Complete two-dimensional separation for analysis of acidic compounds in plasma using column-switching reversed-phase liquid chromatography

A complete two-dimensional separation technique for the determination of acidic compounds in plasma was developed by using column-switching reversed-phase liquid chromatography. This technique was based on solute peak enrichment at the top of the second column during heart-cutting and an ion-pair chromatographic separation in the second column using tetrabutylammonium ion, where different separation modes in the first and second columns and solute peak enrichment at the top of the second column during heart-cutting were achieved coincidentally. Retention behaviors of two solutes, zidovudine-β-d-glucuronide (AZT-β-d-Gluc) and probenecid, in the first and second column and solute peak enrichment at the top of the second column were investigated for establishment of the system.

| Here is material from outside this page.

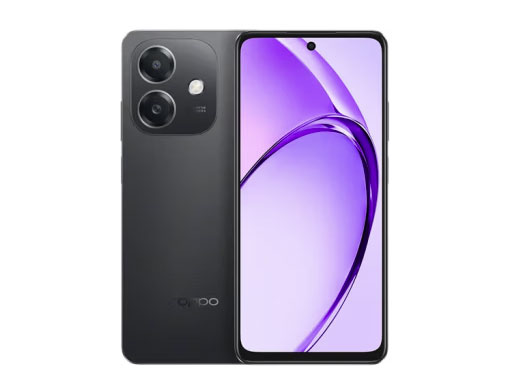 OPPO A3i 12GB+256GB 星辰紫/静夜黑 超硬核耐用战神 多重防护抗水溅 5100mAh 超能量大电池 45W 闪充 5G手机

Different retention behaviors of the solutes in the first and second column, which were evaluated by changes in capacity factor versus acetonitrile concentration in the mobile phases, and peak enrichment could be accomplished by using ion-pair chromatography in the second column. System suitability was confirmed by assessing the number of theoretical plates (N) of the second column for the solutes after heart-cutting. The N values in the second column after column switching were almost same as those in the case that the solutes were directly injected onto the second column. These results indicate that complete two-dimensional separation should be achieved by using this system. Furthermore, this technique was applied to method development for the determination of AZT-β-d-Gluc and probenecid in rat plasma. The peaks of each analyte in the plasma extract obtained by deproteinization were well separated from those of endogenous substances, and easy determination of the analytes could be accomplished at the ng/ml level only by changing the acetonitrile concentration in the mobile phases.